Am 30. August 2023 wurde der Referentenentwurf des Bundesfamilienministeriums zur Einführung einer Kindergrundsicherung veröffentlicht. Erklärtes Ziel ist, bessere Chancen für Kinder und Jugendliche zu schaffen, mehr Familien und ihre Kinder mit Unterstützungsbedarf zu erreichen und dadurch die Kinderarmut in Deutschland zu bekämpfen. Dafür setzt sich die DGSF als Mitglied des Bündnis Kindergrundsicherung seit Jahren ein.

Der nun vorgelegte Referentenentwurf enthält einige Maßnahmen, die tatsächlich Verbesserungen für Kinder darstellen und begrüßenswert sind! Leider bleiben aber viele Regelungen weit hinter dem Ziel zurück, einen einfachen, bürokratiearmen, übersichtlichen und tatsächlich praktikablen Zugang bedürftiger Kinder zu existenzsichernden Leistungen „aus einer Hand“ zu gewährleisten.

Es werden jetzt die bisherigen finanziellen Förderungen, wie das Kindergeld, die Leistungen für Kinder und Jugendliche im Bürgergeld und der Sozialhilfe, der Kinderzuschlag und Teile des Bildungs- und Teilhabepaketes, durch eine neue „Kindergrundsicherung“ ersetzt. Leider werden dabei bereits jetzt bestehende Schnittstellenprobleme zwischen verschiedenen Leistungen nur verschoben und nicht behoben!

Die DGSF schließt sich ausdrücklich der Kritik zahlreicher Verbände an und unterstützt insbesondere die Positionierungen der Bundeserziehungshilfeverbände, des AWO Bundesverbands, des Kinderschutzbundes Bundesverbandund des Deutschen Sozialgerichtstags e.V.

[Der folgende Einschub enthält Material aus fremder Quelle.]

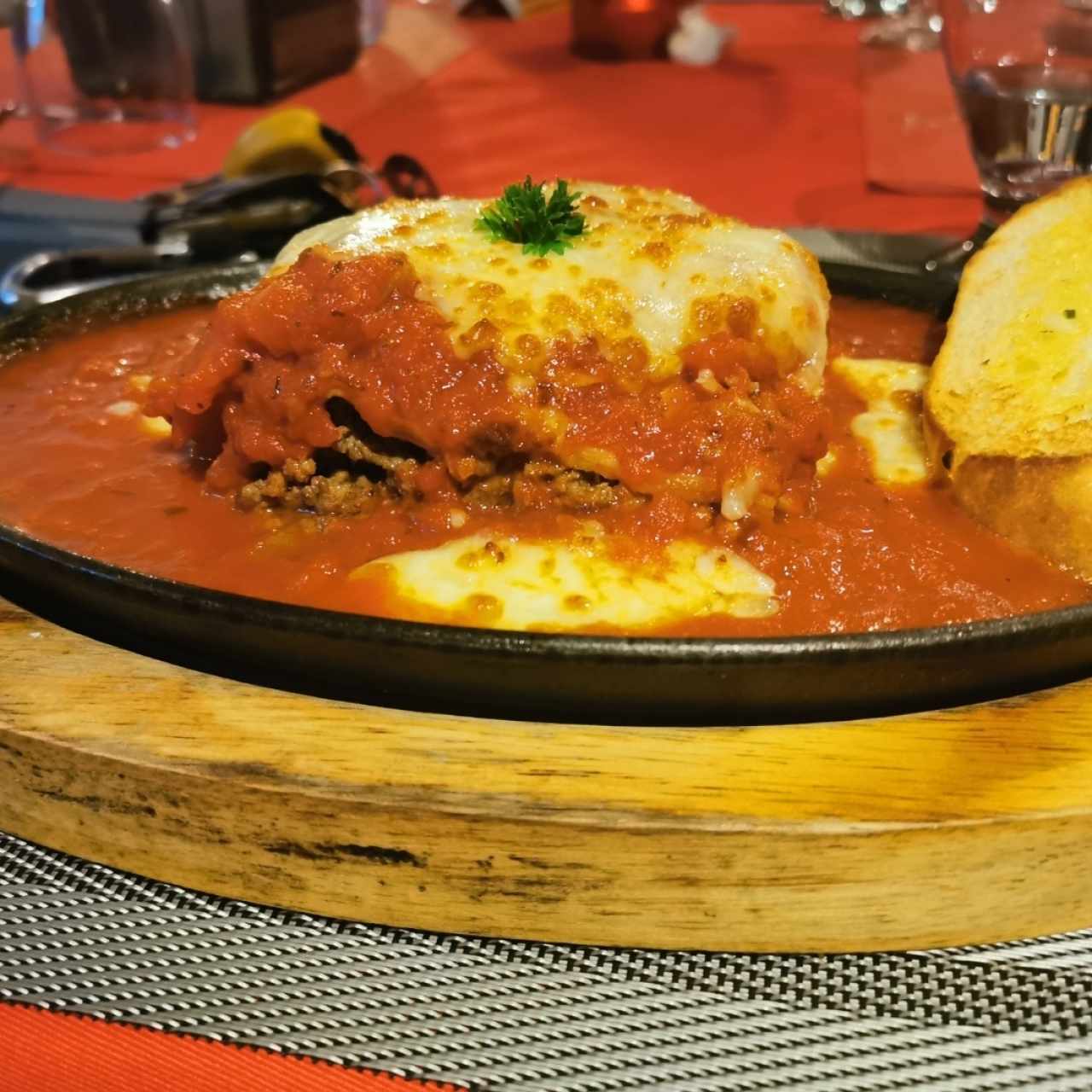 lazaña de carne en salsa roja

Äußerst problematisch sind die vorgesehenen rechtlichen Neuregelungen für die von Armut besonders betroffenen Menschen:

  • Alleinerziehende
  • Careleaver:innen
  • Familien, deren Kinder in Pflegefamilien und Einrichtungen leben
  • Kinder im Asylbewerberleistungsgesetz (AsylbLG)

Alleinerziehende

Die vorgesehene Regelung ist für Kleinkinder von Alleinerziehenden, die heute im Bürgergeldbezug sind, eine deutliche Verbesserung zum Ist-Zustand und ausdrücklich zu begrüßen. Bei diesen Familien trifft es einen Teil der Gruppe mit der aktuell höchsten Armutsgefährdungsquote. Deutlich kritisiert werden jedoch die möglichen finanziellen Einschränkungen ab dem Schuleintritt, die in Zusammenhang mit der Höhe der Unterhaltsleistungen stehen und durchaus Kinder schlechter stellen können als bisher. Die damit in der öffentlichen Diskussion verknüpften sogenannten Arbeitsanreize an alleinerziehende Eltern sind frech und negieren den Vorrang des Kindeswohls!

Careleaver:innen

Der Referentenentwurf lässt die Situation von jungen Menschen, die eine Zeitlang in ihrer Kindheit und Jugend in stationären Einrichtungen der Hilfen zur Erziehung oder in Pflegefamilien gelebt haben, gänzlich unberücksichtigt. Careleaver*innen kommen ganz überwiegend aus sehr schwierigen Lebensverhältnissen. Nicht wenige geraten in der biographisch herausfordernden Zeit des Übergangs aus der Wohngruppe oder dem Auszug aus der Pflegefamilie in existenzielle Notlagen. Von den Eltern werden sie kaum oder gar nicht unterstützt, können auf wenig bis keine familiären Ressourcen zurückgreifen. Viele haben zu ihnen keine dauerhaft belastbare Beziehung.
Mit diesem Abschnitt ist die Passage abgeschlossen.